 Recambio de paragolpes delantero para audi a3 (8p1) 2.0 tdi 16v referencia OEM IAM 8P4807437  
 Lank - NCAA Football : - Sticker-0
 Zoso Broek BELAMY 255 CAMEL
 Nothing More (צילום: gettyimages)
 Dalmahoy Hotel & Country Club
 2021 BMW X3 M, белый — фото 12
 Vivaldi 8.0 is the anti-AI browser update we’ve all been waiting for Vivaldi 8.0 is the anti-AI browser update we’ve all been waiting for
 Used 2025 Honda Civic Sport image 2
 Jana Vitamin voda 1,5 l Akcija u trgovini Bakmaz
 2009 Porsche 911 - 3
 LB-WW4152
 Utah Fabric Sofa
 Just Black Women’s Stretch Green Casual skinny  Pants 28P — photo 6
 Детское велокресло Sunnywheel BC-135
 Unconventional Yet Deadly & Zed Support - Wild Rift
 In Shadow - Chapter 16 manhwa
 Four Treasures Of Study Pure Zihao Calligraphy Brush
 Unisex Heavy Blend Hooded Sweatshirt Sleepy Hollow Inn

▬▬▬▬▬▬

**Your objective:**
Copy the records exactly.

**Written answer:**
 Recambio de paragolpes delantero para audi a3 (8p1) 2.0 tdi 16v referencia OEM IAM 8P4807437  
 Lank - NCAA Football : - Sticker-0
 Zoso Broek BELAMY 255 CAMEL
 Nothing More (צילום: gettyimages)
 Dalmahoy Hotel & Country Club
 2021 BMW X3 M, белый — фото 12
 Vivaldi 8.0 is the anti-AI browser update we’ve all been waiting for Vivaldi 8.0 is the anti-AI browser update we’ve all been waiting for
 Used 2025 Honda Civic Sport image 2
 Jana Vitamin voda 1,5 l Akcija u trgovini Bakmaz
 2009 Porsche 911 - 3
 LB-WW4152
 Utah Fabric Sofa
 Just Black Women’s Stretch Green Casual skinny  Pants 28P — photo 6
 Детское велокресло Sunnywheel BC-135
 Unconventional Yet Deadly & Zed Support - Wild Rift
 In Shadow - Chapter 16 manhwa
 Four Treasures Of Study Pure Zihao Calligraphy Brush
 Unisex Heavy Blend Hooded Sweatshirt Sleepy Hollow Inn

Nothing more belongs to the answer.